Normalization and statistical analysis

Sorted VOC abundances present for 13 baboon samples were imported into Partek Genomics Suite (Partek, Inc., St. Louis, MO). The dataset was quantile normalized [33] and subjected to a two-way ANOVA. Sex, birthweight, and interactions between sex and birthweight were assessed to compute fold changes and p-values. We report VOCs for both nominal (p < 0.05) and adjusted p-values (FDR correction of 0.05). A Venn diagram was created using R package VennDiagram [33]. All normalized and statistically analyzed data are provided as supplementary table 3.

Results

Identification of VOCs in all groups

Collection of breath VOCs from baboons under isoflurane sedation poses challenges to chromatographic separation of metabolites due to the high concentrations of isoflurane contained in the mixed exhaled breath sample.

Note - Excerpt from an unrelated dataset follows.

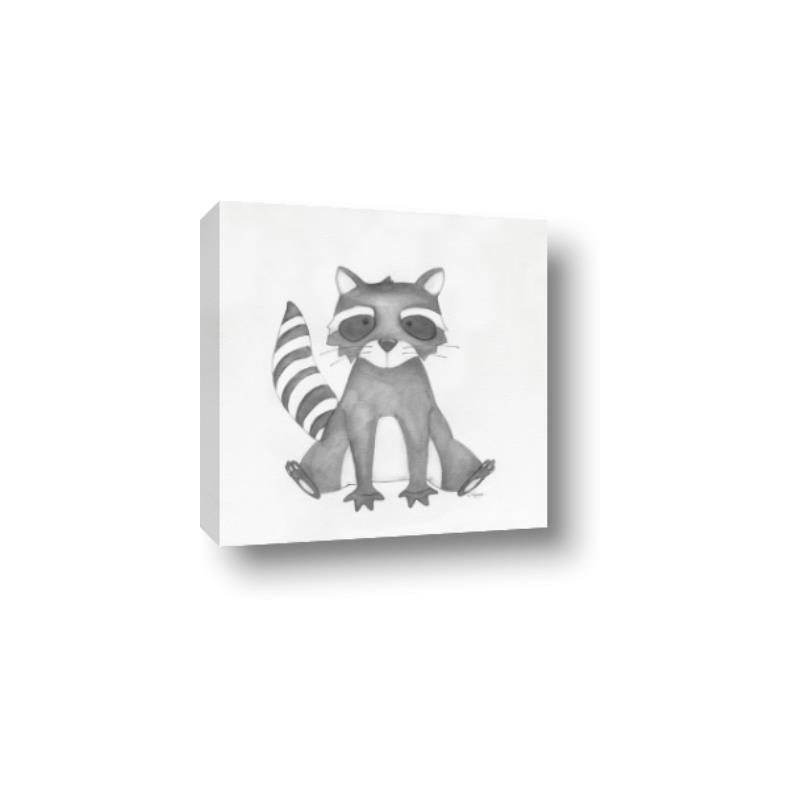 Picture of Nursery Raccoon _GroupedProduct_Square_Mini_ _GroupedProduct_Square_Canvas_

This challenge was overcome by using the chromatographic resolution conferred by GCxGC to effectively separate breath VOCs from the isoflurane metabolites (figure 1). Our initial alignment for each group produced 1059 VOCs assigned to at least one of the four experimental groups (figure 2). Through a data filtering workflow (figure 3), 148 identified VOCs were present in all groups. 76 VOCs remain after the removal of known contaminants and non-biological VOCs (supplemental table 2). Statistical analysis was performed on these 76 metabolites only, resulting in 27 VOCs with significantly different abundances.

Figure 1.

Figure 1.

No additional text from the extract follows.